Blue-can Pepsi slid 0.3% in market share and 4.8% in volume last year. The whole fizzy-soft-drink category has been declining for seven straight years, according to Beverage Digest.
"The category is in decline in this country, but it's growing in a significant number of our markets," Jakeman said. "It's lost the cool quotient. If there's any brand that can inspire the category again, it's Pepsi."
Jakeman explained the difference between Coke and Pepsi: Coke is timeless. Pepsi is timely.
"Brands that are timeless want to have museums," Jakeman said, referring to the World of Coca-Cola attraction (Ouch!). "Pepsi is not a brand that belongs in a museum."
"While we might not be the leading cola, we have always behaved like we were. Our least-impactful marketing has been when we've tried to reinvent this brand. This brand does not need to be reinvented. It needs to be reignited."
The Australian - he drinks a Pepsi or Diet Pepsi in the morning and a Diet Mtn Dew in the afternoon - joined PepsiCo less than a year ago, when the new campaign was being discussed,.

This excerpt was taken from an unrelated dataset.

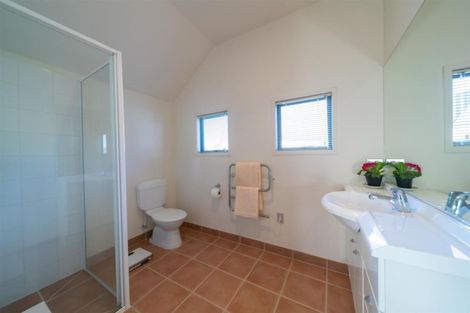 Photo of property in 9 Meadowbrook Place, Wanaka, 9305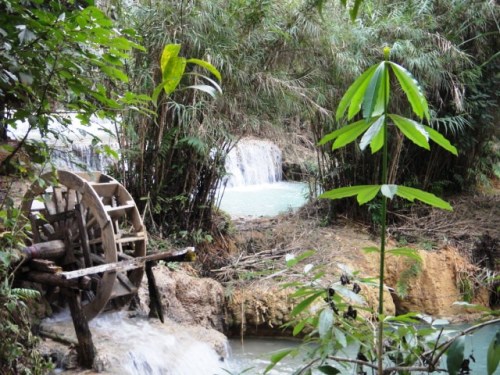 Une roue à eau pour faire marcher un pilon à riz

"I thought ... we had codified a very cogent point of view on what the brand was going to stand for," he told AdAge. "But we hadn't." So began the "most exhaustive and rigorous consumer-insights-led process". Pepsi execs travelled the globe talking to consumers, said Simon Lowden, CMO-PepsiCo Americas Beverages and former head of Pepsi International marketing.
For nine months, a core team , including Jakeman and Britisher Lowden, scoured the globe for inspiration, in markets including Argentina, Australia, United Arab Emirates and Russia.
Jakeman and Lowden began discussing Pepsi's positioning, which they believed should drive advertising and design strategy, and in turn fuel innovation and consumer engagement.
"Starbucks and Nike have a clear sense of what they are, who their consumers are and what their role is in consumers' lives," said Jakeman.
"Pepsi has never really had that. As a brand we have moved from one advertising campaign to another to another. Over the the past few years we've had "Every Pepsi Refreshes the World" to "Summer Time is Pepsi Time" to "Where There's Pepsi, There's Music."
John Sicher, editor and publisher of Beverage Digest, said "Brand Pepsi legitimately needs a big, integrated campaign that can run for several years, and PepsiCo has not given it that."
It's clear PepsiCo is doing that now.
The new brand positioning aims to "capture the excitement of now." The campaign carries the tagline, "Live for Now."
The Pepsi logo won't change - but is to build on "brand equities". For example: the idea of red and blue divided by white -- "imagine a guitar or the Statue of Liberty swathed in red, white and blue mimicking Pepsi's logo," said Ad Age. Now that's cool- or corny?
The "Live for Now" campaign broke this week with the first spot, featuring performer Nicki Minaj released on May 7. Pepsi Pulse, a "dashboard of pop culture" ranking tweets, photos and news from the entertainment world, has replaced Pepsi.com.
"The new positioning injects new energy into not only the brand but the people who work on it," said Richard Lee, CMO-PepsiCo China. "Who doesn't want to work on a brand that promises to capture the excitement of now?"